During separation and after divorce, the higher income person (the “Payor”) may be obligated to pay spousal and / or child support to the lower income person (the “Recipient”). The amount of the support payment is dependent, in part, on the Guideline Income of the Payor and, in some situations, that of the Recipient.

This article is written to assist readers in obtaining a general understanding of what Guideline Income is, what it is not, and how it is determined. Two areas[1] of common disagreement are highlighted, and each will be discussed further in subsequent articles.

These are complex topics, which require a working knowledge of both generally accepted accounting principles and personal income taxation in Canada. Where possible, the discussion has been simplified, perhaps overly so. Discussions of the many nuances in the determination of Guideline Income are beyond the scope of this article, and readers are encouraged to contact the writer or another experienced professional with any questions regarding their specific circumstances.

Collaborative Family Law

The collaborative process facilitates a discussion the many factors that may influence the allocation of UPTCI, as well as the identification and quantification of personal benefits. Often, a range of possible Guideline Incomes becomes evident, as does a range of support obligations.

The parties are then able to select a support obligation that works for them, and is consistent with the other aspects of the divorce, including the property division and parenting agreements. In this way, together the parties will develop a customized solution, and avoid having a resolution imposed upon them by the Courts.

Guideline Incomes

Guideline Income affects the support amount(s) owing from the Payor to the Recipient. While disagreements tend to focus on the amount of the support obligation, the solution is often found through a proper determination of Guideline Income.

For employees who do not earn significant income from other sources, Line 150 of their personal income tax returns may be a reasonable approximation of their Guideline Income.

For individuals with multiple sources of income, and particularly high-income individuals who own private companies (including self-employed people), the calculation of Guideline Income is more complex and involves subjective adjustments.
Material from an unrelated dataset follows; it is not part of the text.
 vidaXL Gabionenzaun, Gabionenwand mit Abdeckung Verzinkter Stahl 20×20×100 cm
These parties will benefit by involving an independent expert to assist in determining Guideline Income.

Three Sets of Guidelines

For purposes of child support, Guideline Income is determined according to the Federal Child Support Guidelines (“FCSG”), which are part of the Divorce Act and apply to those parents who are divorcing, or those who are changing a child support Order that was part of a divorce action. The Alberta Child Support Guidelines (“ACSG”) are part of the Family Law Act and apply to all other parents, including common law and same sex couples.
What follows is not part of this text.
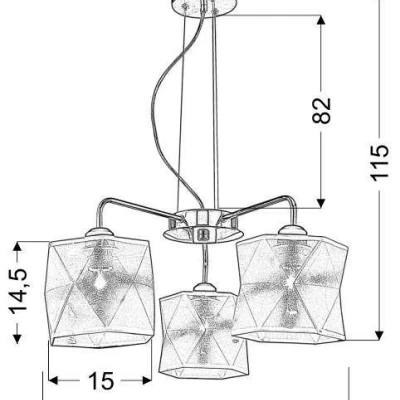 Závěsný tříramenný lustr na lanku NOSJA - 3xE27, 40W, chromovaný / bílý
For spousal support, Guideline Income is determined according to the Spousal Support Advisory Guidelines (“SSAG”). The SSAG are the results of an academic paper released in 2008, are not law, and are not expected to become law. However, the SSAG are routinely relied upon by the Courts, lawyers, mediators, arbitrators and others involved in family law matters.

Whether you’re relying on the FCSG, the ACSG, or the SSAG, the calculation of Guideline Income is similar. The remainder of this article will refer only to the FCSG.

Determining Guideline Income

The FCSG are organized into 27 sections, and three supplementary schedules. Taken together, Sections 16 – 20, inclusive, and Schedule III describe how Guideline Income is determined. The process involves some adjustments that are mechanical, and not open to a range of interpretations. Other adjustments are somewhat subjective, are therefore susceptible to the biases of the parties. These subjective adjustments are commonly the cause of the differences that prevent parties from reaching an agreement themselves, and instead requesting assistance from the Court.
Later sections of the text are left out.